Na een tijdje bespreek je de situatie met de hele groep:
- Wat gebeurde er?
- Hoe voelde iedereen zich bij deze situatie?
- Waarom vond je dat lastig?
- Waarom willen de kinderen graag spelen?
- Moet iedereen kunnen spelen? Waarom?....
- Waarmee spelen zij graag? Hebben alle kinderen in de wereld speelgoed?
- Kunnen alle kinderen in de wereld spelen?
Situatie 6: recht op een naam en een nationaliteit
Tijdens een afgebakende periode van de dag worden de welpen niet met hun naam aangesproken, maar op alle andere mogelijke manier: bv. “Jij met je rode trui / groene schoenen / zwarte haar /, “Hey jij daar”, “Hey, dingetje”, “Hey kleintje”, ....
- Na een tijdje bespreek je de situatie met de hele groep:
- Wat gebeurde er?
- Hoe voelde iedereen zich bij deze situatie?
- Vond je dat leuk? Waarom wel/niet?
- Waarom wil je graag met je naam aangesproken worden?

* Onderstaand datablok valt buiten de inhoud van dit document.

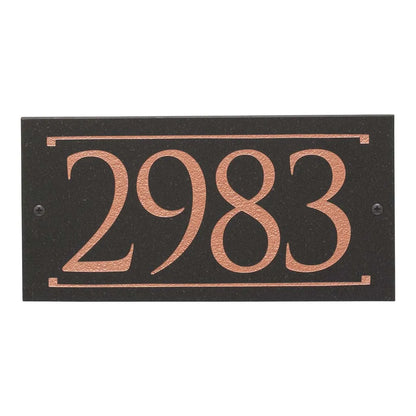 Black Granite Rectangle Trajan Engraved Address Sign - 12" x 6" Wall One Line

- Wie heeft je naam gegeven? Waarom?
Uiteraard kan je zelf ook nog andere situaties bedenken, die in jouw klas handig in te passen zijn en waarmee bepaalde kinderrechten of schendingen van kinderrechten ervaren kunnen worden.
Benodigd materiaal
Voor dit spel is geen materiaal nodig.
Veiligheid
Zorg voor een sfeer waarin je makkelijk over dit onderwerp kunt praten.
Tips
Voor meer spelen klik hier.
Deze activiteit heeft betrekking op het duurzame ontwikkelingsdoel: Doel 16 Vrede, veiligheid en rechtvaardigheid.
Je kan deze activiteit gebruiken voor opdracht 5 van het insigne Wijde Wereld voor welpen.